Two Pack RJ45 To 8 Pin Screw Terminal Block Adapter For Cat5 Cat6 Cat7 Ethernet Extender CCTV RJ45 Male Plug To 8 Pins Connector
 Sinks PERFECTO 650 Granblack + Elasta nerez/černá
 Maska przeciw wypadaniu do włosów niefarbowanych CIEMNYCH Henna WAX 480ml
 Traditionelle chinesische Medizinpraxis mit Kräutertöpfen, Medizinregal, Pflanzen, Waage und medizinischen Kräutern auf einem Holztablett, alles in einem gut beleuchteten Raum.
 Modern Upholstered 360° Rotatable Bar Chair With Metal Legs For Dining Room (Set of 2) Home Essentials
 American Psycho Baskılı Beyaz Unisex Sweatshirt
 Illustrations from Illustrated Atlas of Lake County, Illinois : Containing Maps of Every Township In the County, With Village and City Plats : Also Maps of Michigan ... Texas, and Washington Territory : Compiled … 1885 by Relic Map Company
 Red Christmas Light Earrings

==================================================

_Exercise prompt_
Nothing but the exact lines from the start of the material through the line holding "American Psycho Baskılı", both included, belongs in the answer.

_Result for this task_
Two Pack RJ45 To 8 Pin Screw Terminal Block Adapter For Cat5 Cat6 Cat7 Ethernet Extender CCTV RJ45 Male Plug To 8 Pins Connector
 Sinks PERFECTO 650 Granblack + Elasta nerez/černá
 Maska przeciw wypadaniu do włosów niefarbowanych CIEMNYCH Henna WAX 480ml
 Traditionelle chinesische Medizinpraxis mit Kräutertöpfen, Medizinregal, Pflanzen, Waage und medizinischen Kräutern auf einem Holztablett, alles in einem gut beleuchteten Raum.
 Modern Upholstered 360° Rotatable Bar Chair With Metal Legs For Dining Room (Set of 2) Home Essentials
 American Psycho Baskılı Beyaz Unisex Sweatshirt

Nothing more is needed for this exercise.